◆ YOUR OBJECTIVE ◆
A word-for-word copy of the records is needed, with every picture left out.

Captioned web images
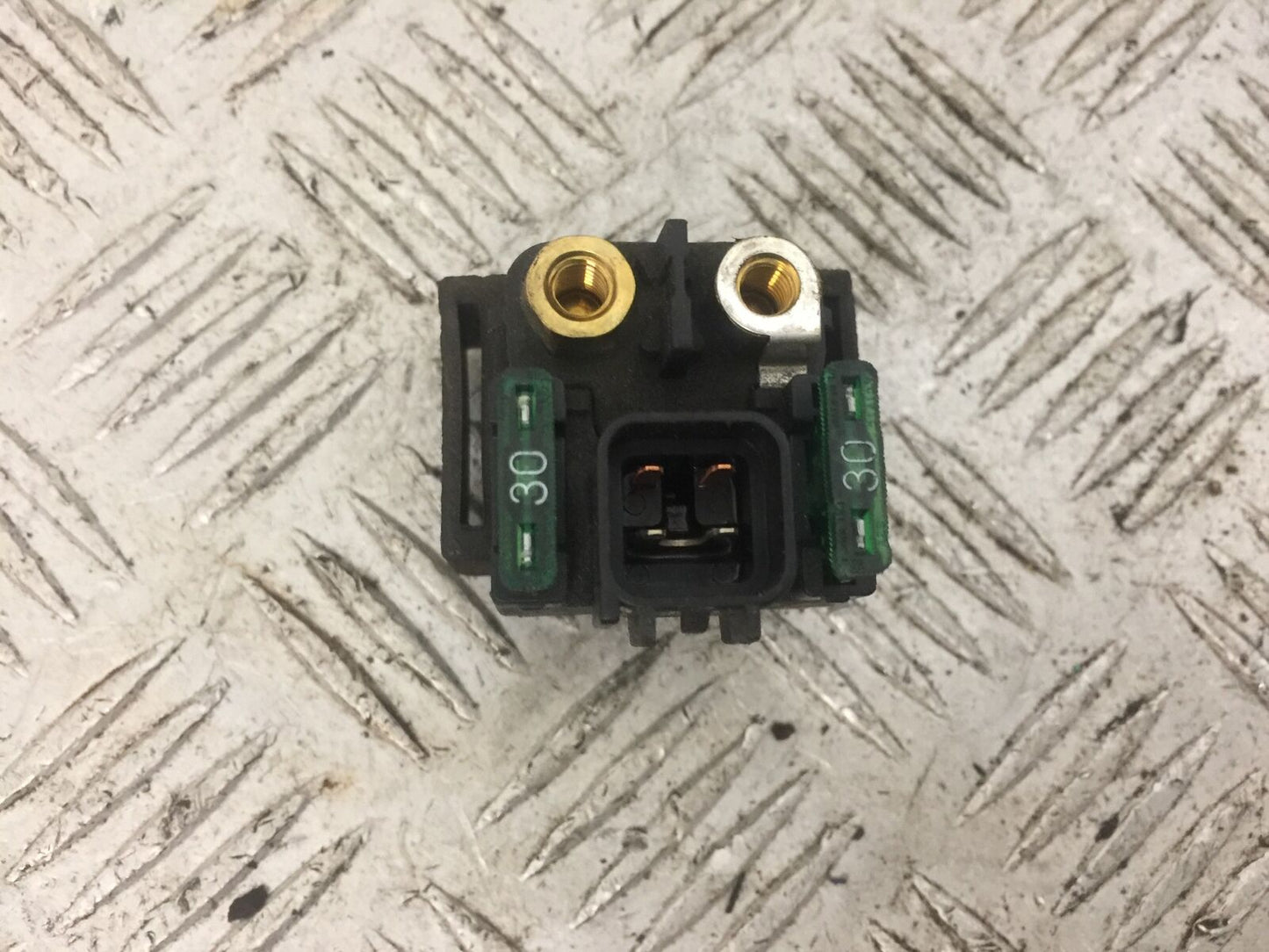 SUZUKI VLR1800 VLR 1800 STARTER SOLENOID  YEAR 2010 (STOCK 815)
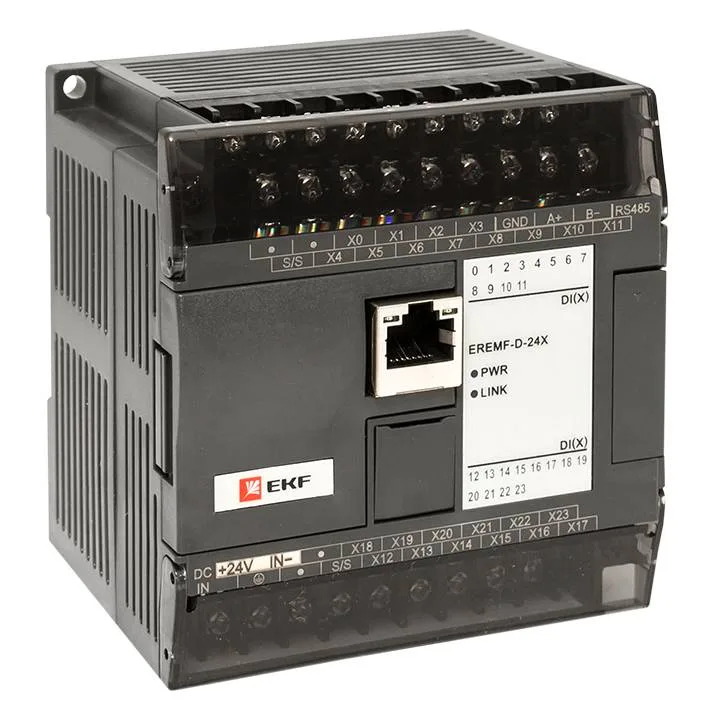 Модуль дискретного ввода EREMF 24 PRO-Logic EKF Модуль дискретного ввода EREMF 24 PRO-Logic EKF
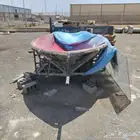قالب فيبرجلاس لمركب 27 قدم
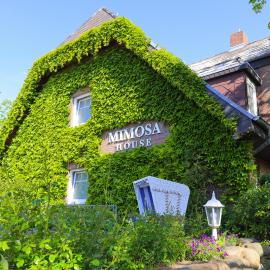 Mimosa House、ヴェスターラントのホテル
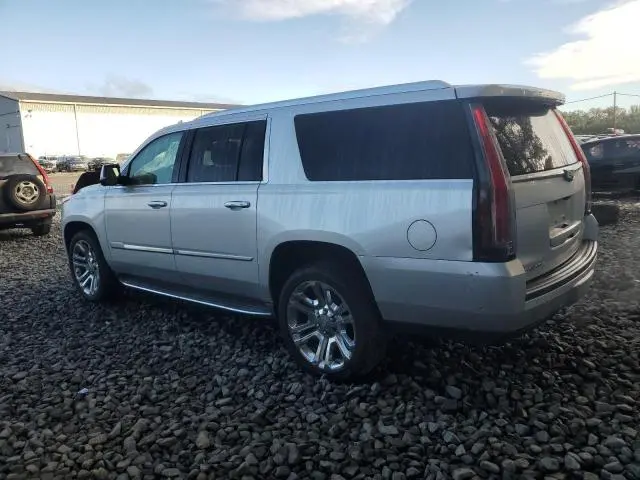 2019 CADILLAC ESCALADE ESV LUXURY  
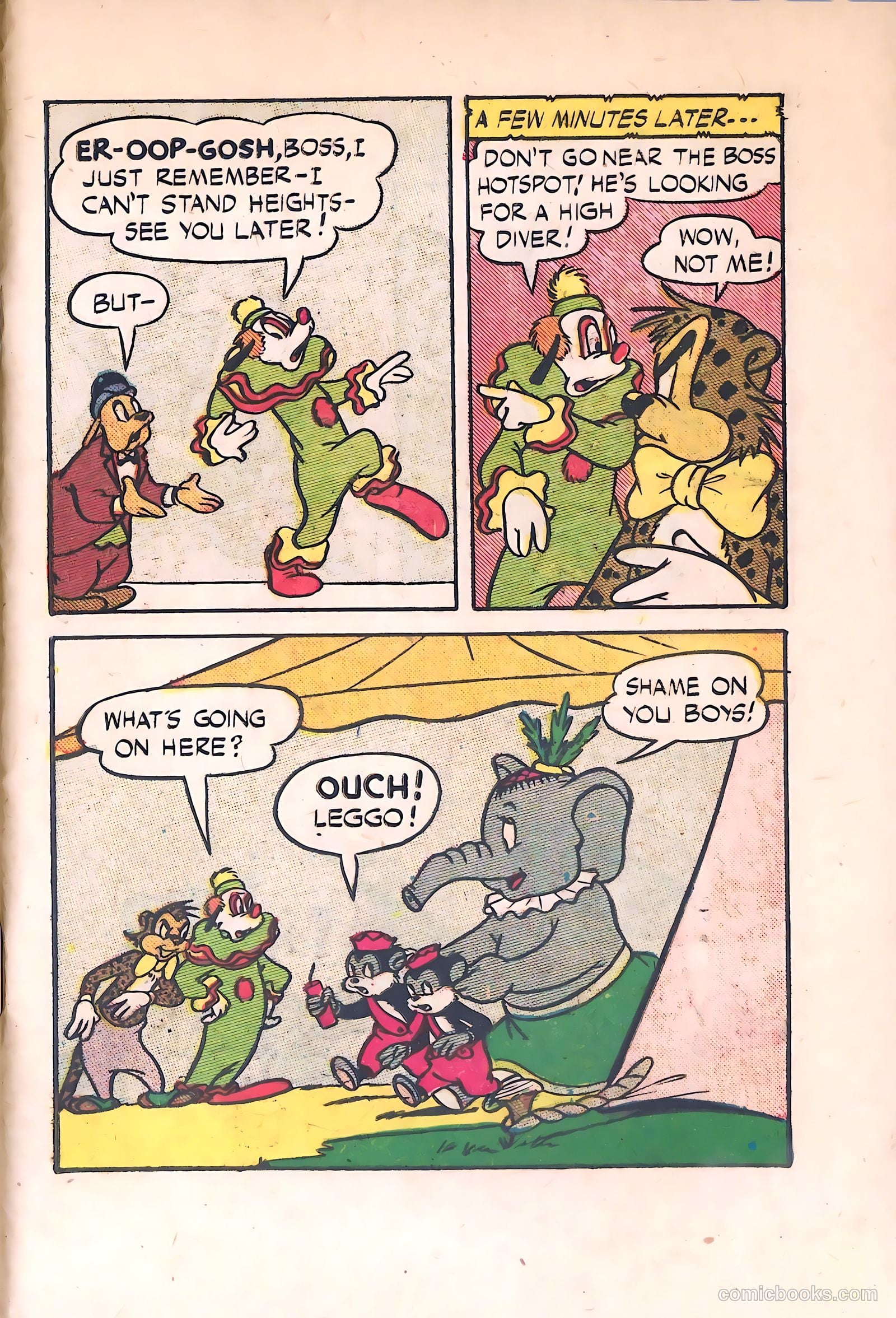Do-Do #4 (1951) — page 36 of 52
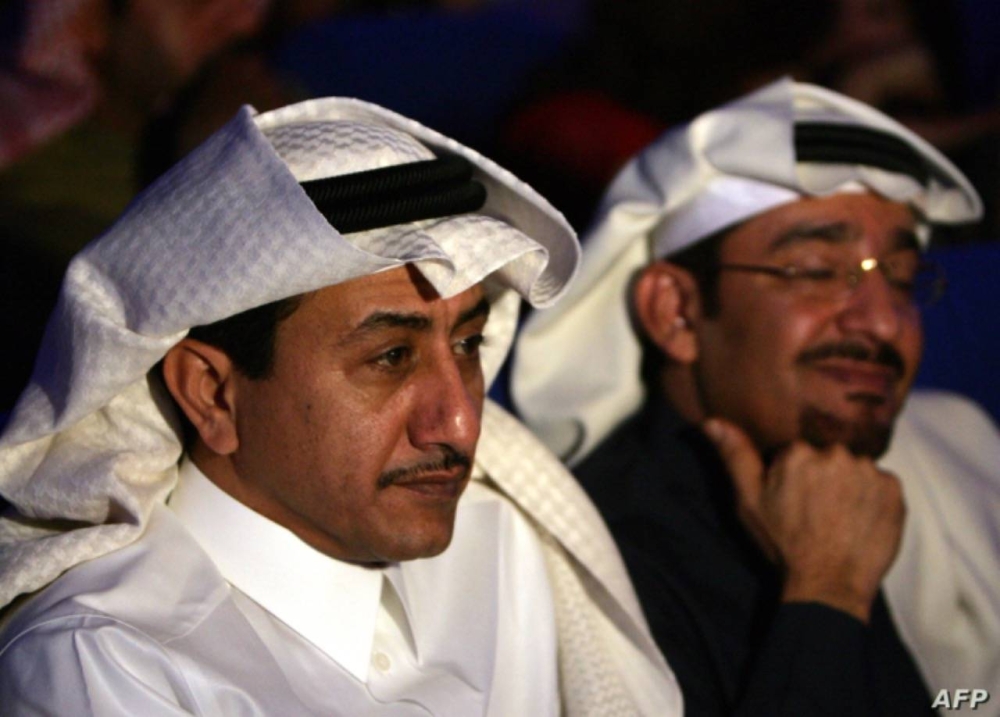 أول تعليق من "ناصر القصبي" على عودة "طاش ما طاش" بمشاركة عبدالله السدحان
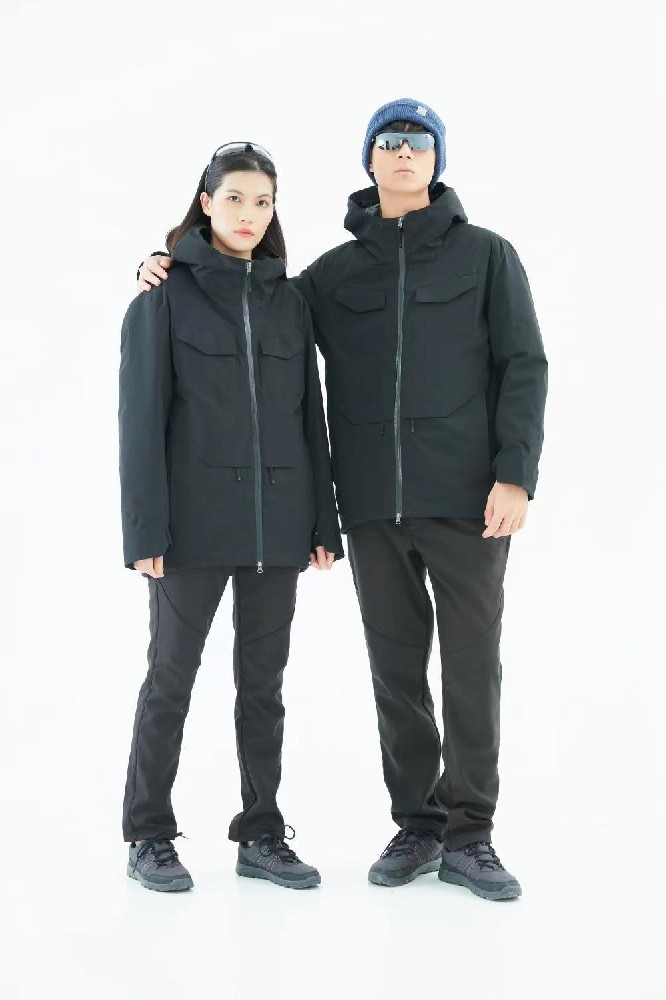 商務(wù)沖鋒衣HW003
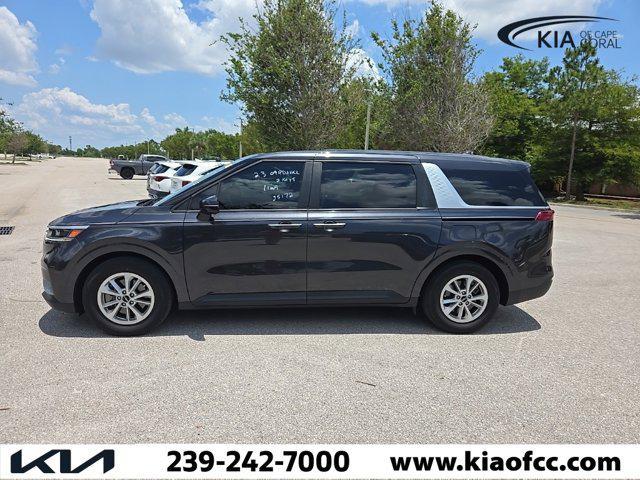 used 2023 Kia Carnival car, priced at $29,391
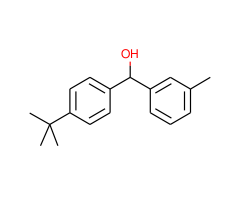 4-tert-Butyl-3'-methylbenzhydrol
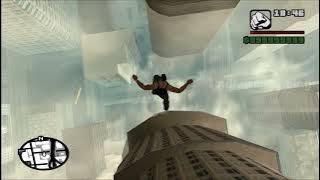 GTA San Andreas - Falling Wasted in Los Santos #15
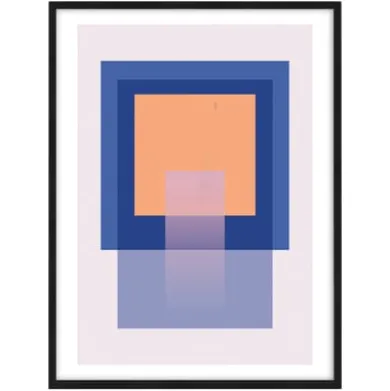 Druck Riso Grafik
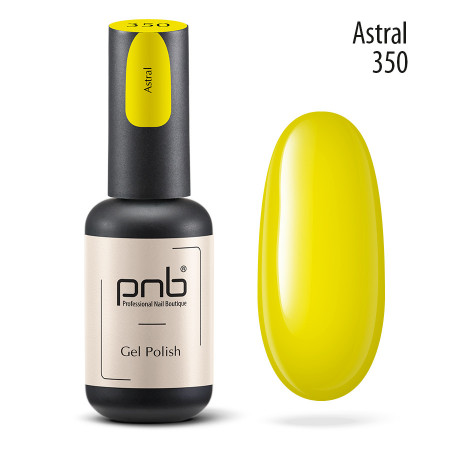 PNB / Гель лак № 350 / 8 мл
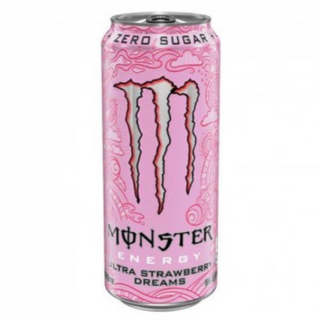 Monster ultra strawberry dreams 500ml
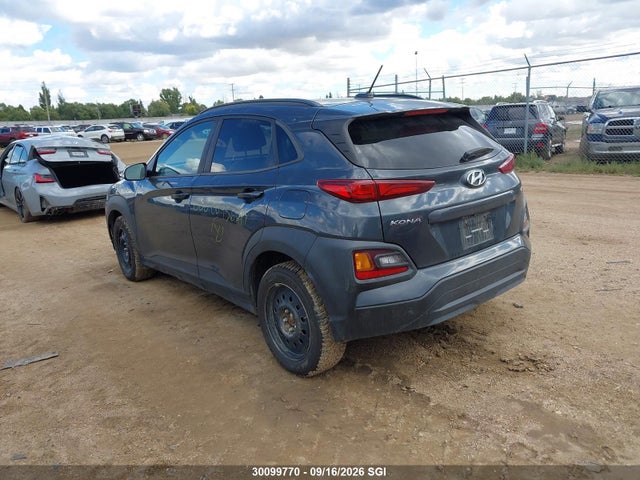 Aukcja sprzedaży 2018 Hyundai Kona 2.0l Luxury, vin: KM8K6CAA9JU138965, numer aukcji: 30099770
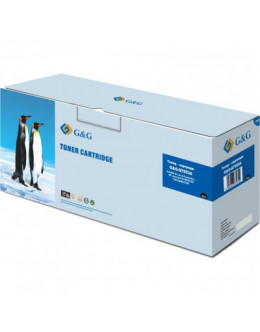 Картридж G&G для HP LJ P2014/P2015 series, LJ M2727nf series Black (G&G-Q7553A)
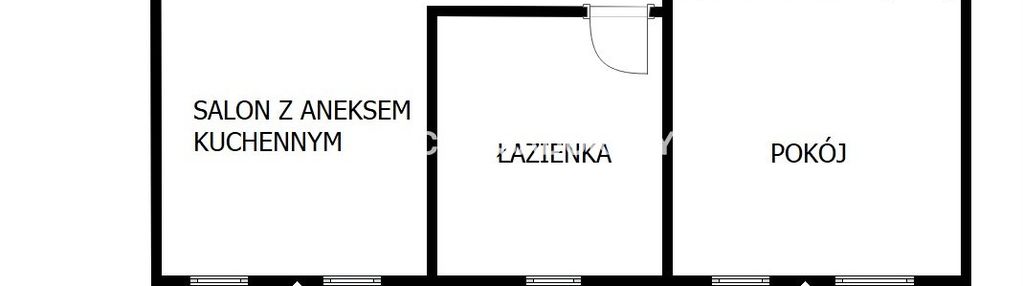 2-pok. mieszkanie na ruczaju, do własnej aranżacji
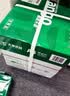 天章 （TANGO）A4打印纸80g500张*5包 新绿天章【豪华品质】白纸双面打印复印纸 纸张洁白顺滑不卡纸 整箱2500张 实拍图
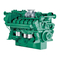 Motoren Volvo Penta D34A MS Betriebsanleitung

◆ ANSWER AREA ◆
 SUZUKI VLR1800 VLR 1800 STARTER SOLENOID  YEAR 2010 (STOCK 815)
 Модуль дискретного ввода EREMF 24 PRO-Logic EKF Модуль дискретного ввода EREMF 24 PRO-Logic EKF
قالب فيبرجلاس لمركب 27 قدم
 Mimosa House、ヴェスターラントのホテル
 2019 CADILLAC ESCALADE ESV LUXURY  
Do-Do #4 (1951) — page 36 of 52
 أول تعليق من "ناصر القصبي" على عودة "طاش ما طاش" بمشاركة عبدالله السدحان
 商務(wù)沖鋒衣HW003
 used 2023 Kia Carnival car, priced at $29,391
 4-tert-Butyl-3'-methylbenzhydrol
 GTA San Andreas - Falling Wasted in Los Santos #15
 Druck Riso Grafik
 PNB / Гель лак № 350 / 8 мл
 Monster ultra strawberry dreams 500ml
 Aukcja sprzedaży 2018 Hyundai Kona 2.0l Luxury, vin: KM8K6CAA9JU138965, numer aukcji: 30099770
 Картридж G&G для HP LJ P2014/P2015 series, LJ M2727nf series Black (G&G-Q7553A)
 2-pok. mieszkanie na ruczaju, do własnej aranżacji
 天章 （TANGO）A4打印纸80g500张*5包 新绿天章【豪华品质】白纸双面打印复印纸 纸张洁白顺滑不卡纸 整箱2500张 实拍图
 Motoren Volvo Penta D34A MS Betriebsanleitung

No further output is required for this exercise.